Pada 1 Januari lalu, dalam keterangan resmi mereka, APBI menyatakan keberatan atas kebijakan pelarangan penjualan batubara ke luar negeri yang dilakukan secara umum dan mendadak.
Mereka mengatakan pada tanggal 1 Januari 2022, Kementerian Energi dan Sumber Daya Mineral memang telah mengadakan pertemuan secara virtual membahas kebijakan tersebut.
Namun pertemuan yang diikuti lebih dari 800 orang peserta tersebut menurut kami masih belum dapat menyelesaikan permasalahan mendesak terkait hambatan pelaksanaan ekspor.
Menurut APBI, kebijakan larangan ekspor yang diambil secara tergesa-gesa tanpa mempertimbangkan masukan dari pelaku usaha tidak sejalan dengan upaya pemerintah yang sedang menggalakkan iklim investasi.
Kebijakan tersebut juga berpotensi menimbulkan dampak seperti:
1. Kapal-kapal tujuan ekspor, hampir semuanya adalah kapal-kapal yang dioperasikan atau dimiliki oleh perusahaan negara-negara tujuan ekspor.

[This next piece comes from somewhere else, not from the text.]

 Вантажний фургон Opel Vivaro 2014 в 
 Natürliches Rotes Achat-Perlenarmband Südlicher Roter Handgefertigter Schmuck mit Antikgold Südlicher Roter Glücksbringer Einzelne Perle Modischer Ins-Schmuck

Kapal-kapal tersebut tidak akan dapat berlayar menyusul penerapan kebijakan pelarangan penjualan ke luar negeri ini
2. Pengenaan biaya tambahan oleh perusahaan pelayaran terhadap penambahan waktu pemakaian (demurrage) yang akan membebani perusahaan-perusahaan pengekspor yang juga akan berdampak terhadap penerimaan negara
3. Kapal-kapal yang sedang berlayar ke perairan Indonesia juga akan mengalami kondisi ketidakpastian dan hal ini berakibat pada reputasi dan kehandalan Indonesia selama ini sebagai pemasok batubara dunia
4. Menurunkan kredibilitas Indonesia di pasar batubara global sebagai pemasok batubara apalagi di tengah tekanan terhadap industri pertambangan batubara di era transisi energi
5. Menciptakan ketidakpastian usaha sehingga berpotensi menurunkan minat investasi di sektor pertambangan mineral dan batubara
6. Potensi sengketa (dispute) antara pemasok dan pembeli luar negeri baik di badan peradilan dan/atau arbitrase di Indonesia maupun di badan arbitrase Internasional.